▸ Material to process
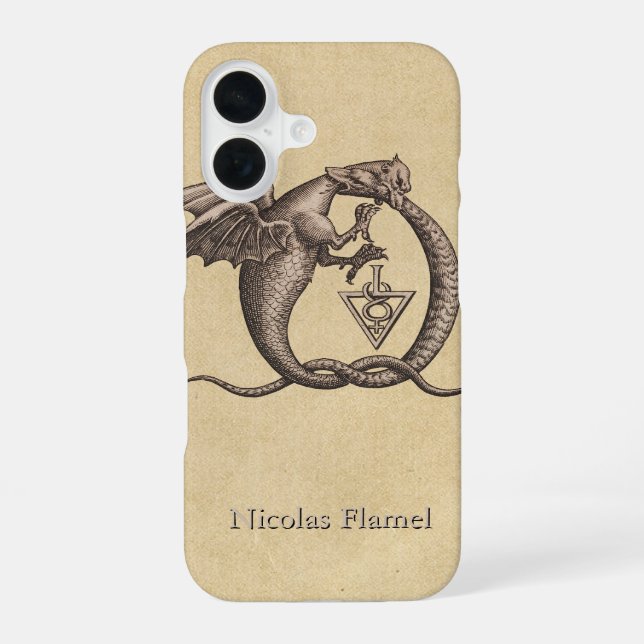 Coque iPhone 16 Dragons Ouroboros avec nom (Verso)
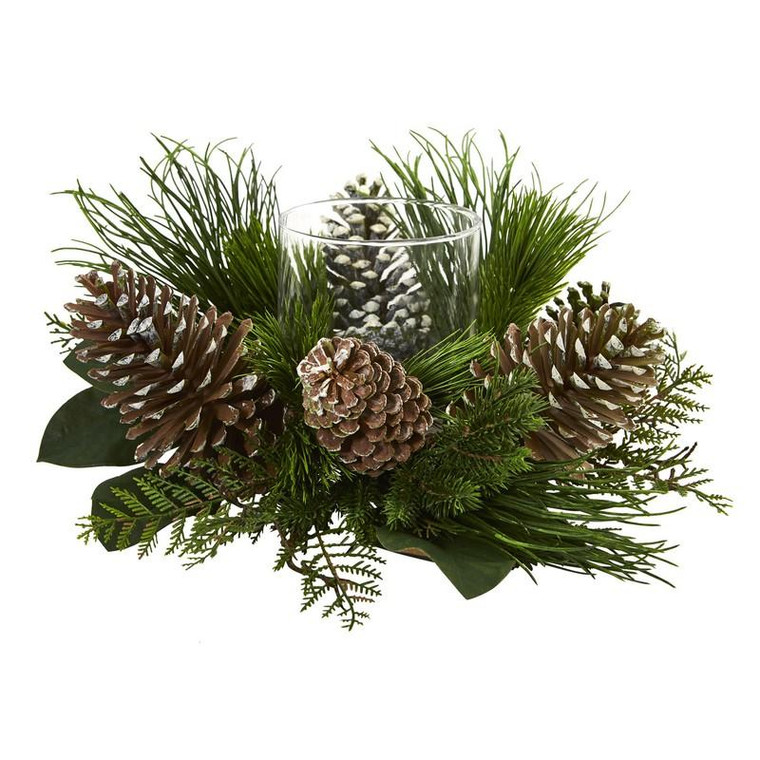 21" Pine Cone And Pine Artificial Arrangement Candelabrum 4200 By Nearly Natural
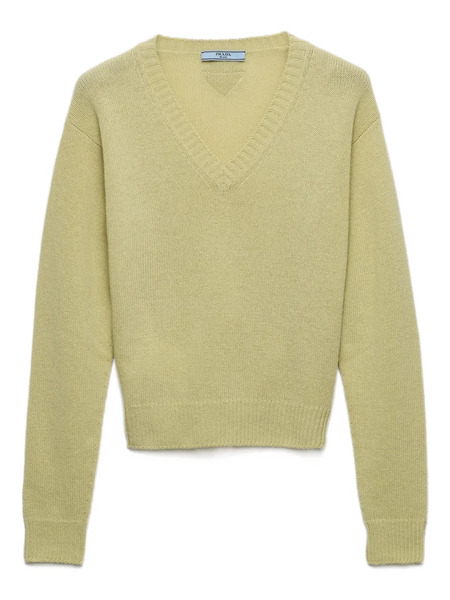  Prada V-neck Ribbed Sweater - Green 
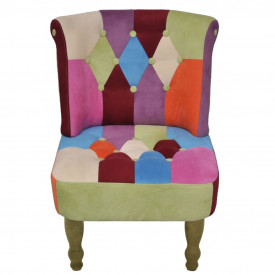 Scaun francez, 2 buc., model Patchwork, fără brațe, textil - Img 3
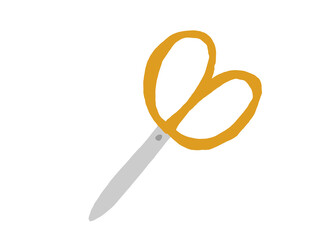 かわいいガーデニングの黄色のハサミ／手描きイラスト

▸ Your task
For this exercise, return the data above exactly and leave every picture out.

▸ Answer to this task
 Coque iPhone 16 Dragons Ouroboros avec nom (Verso)
 21" Pine Cone And Pine Artificial Arrangement Candelabrum 4200 By Nearly Natural
  Prada V-neck Ribbed Sweater - Green 
 Scaun francez, 2 buc., model Patchwork, fără brațe, textil - Img 3
 かわいいガーデニングの黄色のハサミ／手描きイラスト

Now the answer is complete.